A new agreement with the city of Detroit could potentially be a very big deal, at least politically. Trying to climb out from under a fiscal collapse, the city managers had to restructure the massive pensions to eliminate or at least greatly reduce the debt overhang — but cutting pensions to first responders was highly unpopular. City managers got those retirees on board with their restructuring plans by protecting their benefits while cutting those of others, essentially splitting the opposition, but there is a huge caveat involved (via Ron Fournier):
Detroit has reached a deal with some retired workers over pension benefits, but cut monthly payments for other former employees, in a move that could give a boost to the city’s plan to exit bankruptcy in October, officials said Tuesday.

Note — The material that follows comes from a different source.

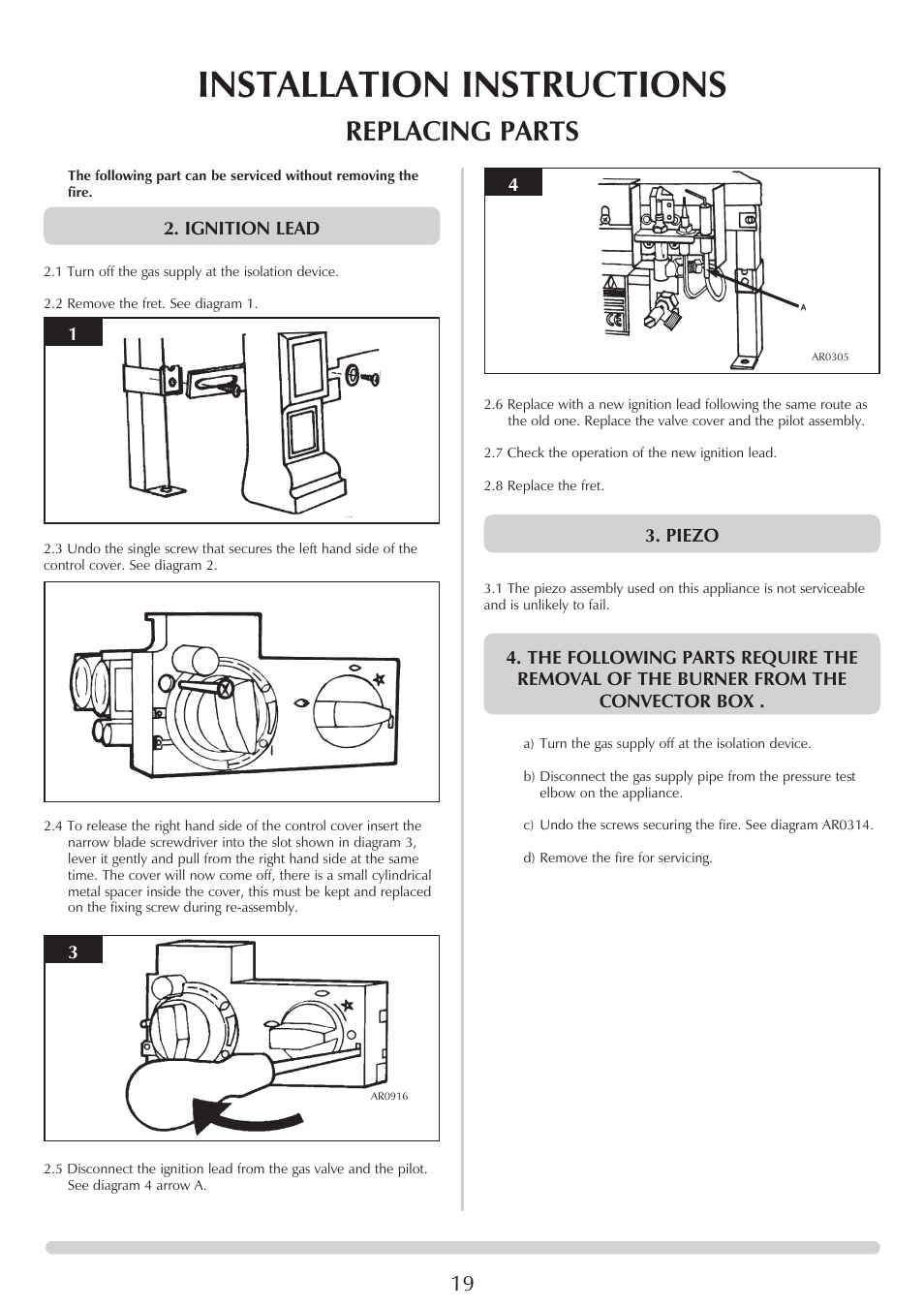 Installation instructions, Replacing parts | Stovax VFC Radiant & Convector Fire Range User Manual | Page 19 / 24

According to tentative agreements, retired police officers and firefighters will continue to receive their pensions while those who do not work in public safety will have some of their benefits scrapped.
There will be a 4.5 percent cut and an elimination of the cost-of- living payments for the general fund pensioners, said Tina Basset, spokesperson for the fund.

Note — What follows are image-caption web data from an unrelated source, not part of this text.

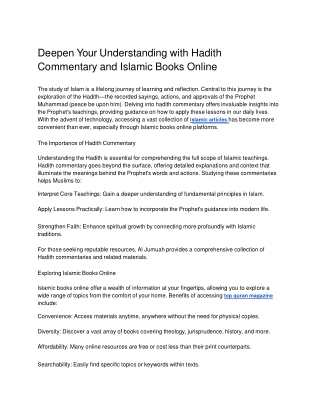 Deepen Your Understanding with Hadith Commentary and Islamic Books Online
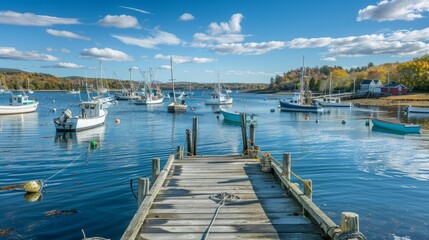 Fototapeta na wymiar GEORGETOWN, MAINE - OCTOBER 14, 2017: A view from a fishing dock overlooking numerous boats moored in blue waters of picturesque Sheepscot Bay.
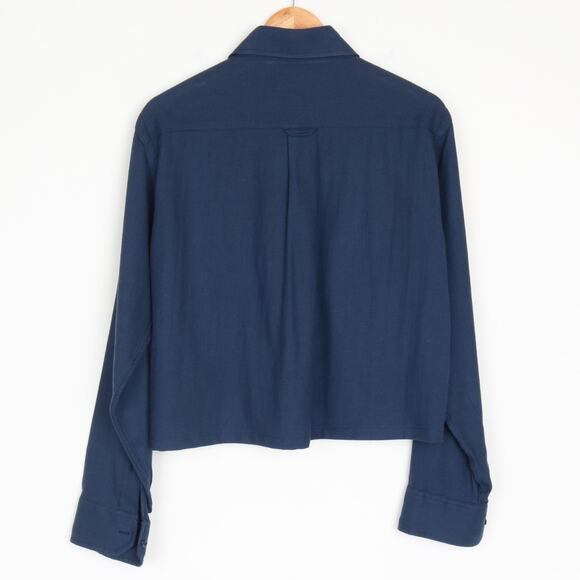 Vintage 70s Wool / Cotton Crop Navy Button Up Shirt M - Picture 6 of 6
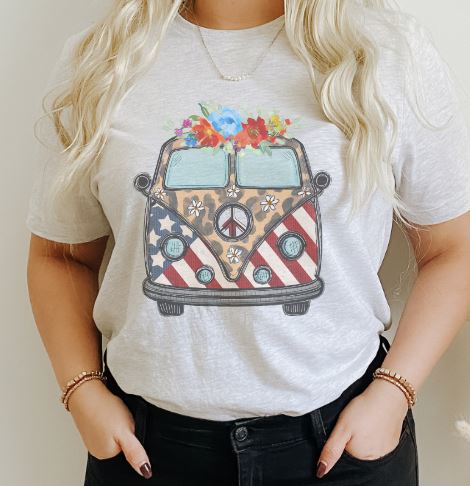 Patriotic VW Bus Tee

The agreement will cover more than 20,000 retired workers in a city going through one of the largest public bankruptcies in U.S. history. Both the retirees, as well as current workers who qualify for a future pension, will be allowed to vote as creditors in the bankruptcy.
How will Detroit fund these pensions? That’s been the problem all along, and not just in Detroit. Across the US, cities and states have massive pension overhangs thanks to defined-benefit plans that never got properly funded, rather than defined-contribution plans that get funded up front. That’s a major part of the debt Detroit is attempting to shed, although not the only component of it.

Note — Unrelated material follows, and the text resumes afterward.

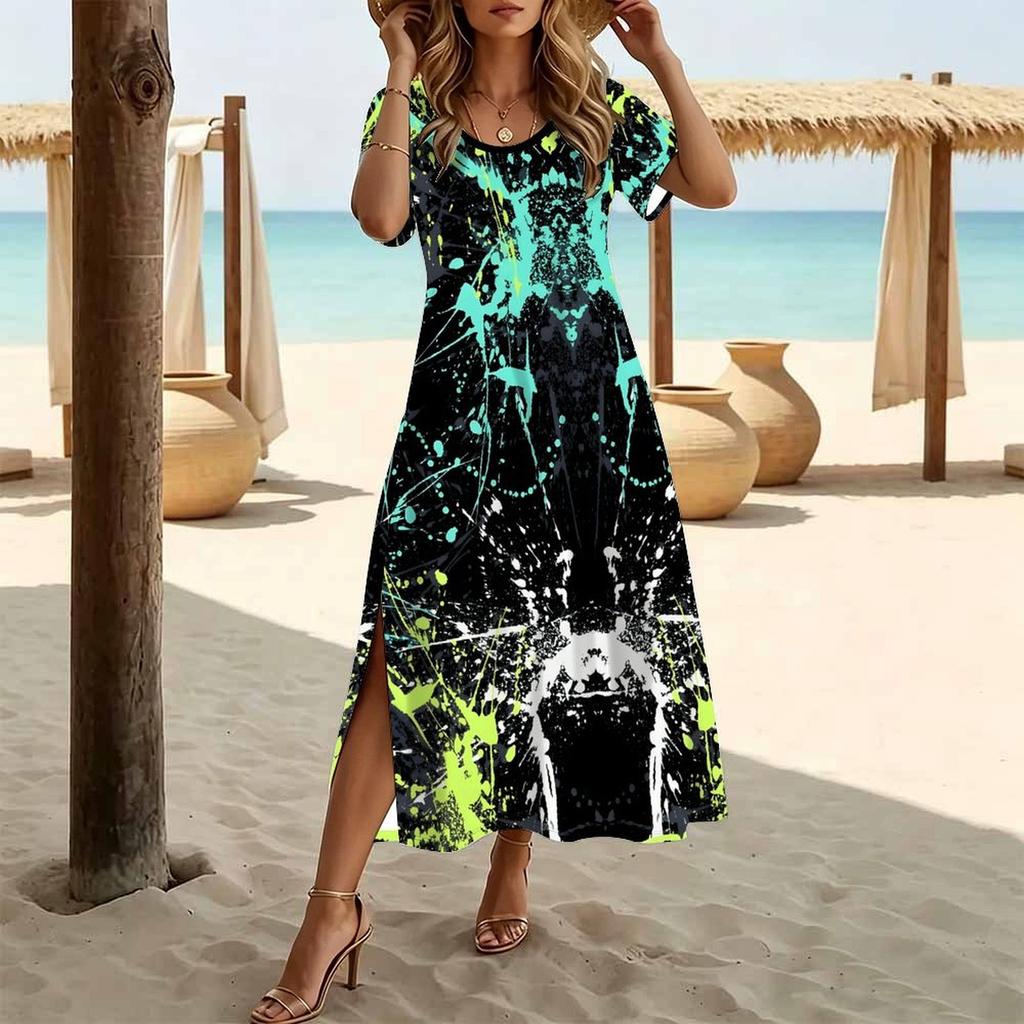 Women Fashion Round Neck Ethnic Style Patchwork Stripes Printed Short Sleeve Side Slit Dress Casual Vacation Dress Long Loose Dress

The answer? Detroit needs a bailout, and they’re not getting it from the federal government. Or will it?
Michigan officials and President Barack Obama’s Administration are discussing a plan to free up $100 million in federal money to aid Detroit’s retired city workers, the Detroit Free Press reported on Tuesday.
Citing two people familiar with the talks, the newspaper said the talks were centered around federal money flowing to Michigan for blight removal. Under the plan, $100 million would be earmarked for Detroit, reducing the $500 million the city’s emergency manager, Kevyn Orr, plans to use to eliminate blight over the next 10 years.
The $100 million saved could then be used by Orr to ease pension cuts for retirees under the city’s plan to adjust its $18 billion of debt and exit the biggest municipal bankruptcy in U.S. history, according to the report.
That’s the best the White House can do without going to Congress — and the House won’t rush to bail out Detroit with federal money, no matter what that might mean for Michigan Republicans.
In case that doesn’t work out, Detroit is trying to raise the money from the state of Michigan and private donations. This deal depends on raising nearly a billion dollars for its bailout, mainly to keep the city’s art collection. In order for that deal to go through, Detroit had to cut a deal with its pensioners to get the bankruptcy court on board:
If completed, the agreements with the pension funds and with a group representing 6,500 retired police officers and firefighters seemed certain to provide Detroit’s blueprint for paying off portions of its debt, known as a plan of adjustment, with a simpler journey through court. They may also offer a political boost to the city’s plan in the eyes of the public. In Detroit, retired municipal workers make about $19,000 a year on average from pension payments, pension fund officials say, and retired police officers and firefighters, who do not get Social Security benefits, receive about $32,000 a year.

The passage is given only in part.